Excerpted data Block Start

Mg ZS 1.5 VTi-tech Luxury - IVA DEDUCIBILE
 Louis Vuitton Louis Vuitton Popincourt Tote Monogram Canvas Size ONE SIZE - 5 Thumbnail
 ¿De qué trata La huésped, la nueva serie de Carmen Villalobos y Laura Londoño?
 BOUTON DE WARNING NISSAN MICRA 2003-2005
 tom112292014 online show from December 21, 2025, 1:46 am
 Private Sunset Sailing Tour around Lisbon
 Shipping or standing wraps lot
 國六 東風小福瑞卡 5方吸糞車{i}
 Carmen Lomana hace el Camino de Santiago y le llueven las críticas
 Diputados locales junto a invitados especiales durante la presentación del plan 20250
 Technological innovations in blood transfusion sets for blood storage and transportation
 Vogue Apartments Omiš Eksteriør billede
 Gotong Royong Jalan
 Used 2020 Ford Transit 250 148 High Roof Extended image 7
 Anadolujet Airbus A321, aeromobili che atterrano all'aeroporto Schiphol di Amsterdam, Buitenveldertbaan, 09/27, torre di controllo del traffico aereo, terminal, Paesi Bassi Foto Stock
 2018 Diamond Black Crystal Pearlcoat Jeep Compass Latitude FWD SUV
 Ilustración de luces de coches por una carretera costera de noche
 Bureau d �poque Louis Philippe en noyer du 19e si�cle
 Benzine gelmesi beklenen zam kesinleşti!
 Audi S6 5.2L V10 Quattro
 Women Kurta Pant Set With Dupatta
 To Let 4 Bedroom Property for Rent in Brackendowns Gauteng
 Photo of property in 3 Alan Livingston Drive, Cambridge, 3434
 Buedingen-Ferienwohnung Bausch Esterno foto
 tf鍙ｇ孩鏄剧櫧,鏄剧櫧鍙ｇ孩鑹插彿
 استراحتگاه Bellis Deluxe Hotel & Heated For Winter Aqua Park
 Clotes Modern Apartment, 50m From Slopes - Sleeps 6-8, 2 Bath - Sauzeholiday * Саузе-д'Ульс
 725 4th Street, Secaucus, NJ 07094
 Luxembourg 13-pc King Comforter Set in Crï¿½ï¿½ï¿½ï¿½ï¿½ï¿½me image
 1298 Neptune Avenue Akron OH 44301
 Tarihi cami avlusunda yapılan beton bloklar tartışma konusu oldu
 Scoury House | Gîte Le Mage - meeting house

Excerpted data Block End

## What to do
Count how many of the lines in the material include the word "Carmen", and state that number without anything else.

## Your response
2